• _Work order_:
Everything in the listing below from the line containing "Incbruce 6 Pieces" through the line containing "Art Deco Lounge" must be repeated exactly; the remaining lines are not wanted.

• _Material provided_:

== Segment start ==

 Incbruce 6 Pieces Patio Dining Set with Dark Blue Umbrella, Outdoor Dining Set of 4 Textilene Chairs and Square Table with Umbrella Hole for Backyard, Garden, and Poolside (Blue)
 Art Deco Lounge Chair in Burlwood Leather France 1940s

== Segment end ==
== Segment start ==

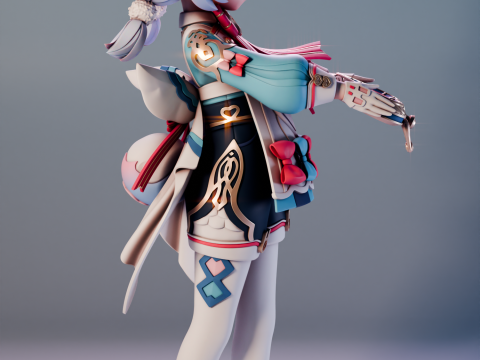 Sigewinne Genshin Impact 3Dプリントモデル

== Segment end ==

• _Result of this exercise_:
 Incbruce 6 Pieces Patio Dining Set with Dark Blue Umbrella, Outdoor Dining Set of 4 Textilene Chairs and Square Table with Umbrella Hole for Backyard, Garden, and Poolside (Blue)
 Art Deco Lounge Chair in Burlwood Leather France 1940s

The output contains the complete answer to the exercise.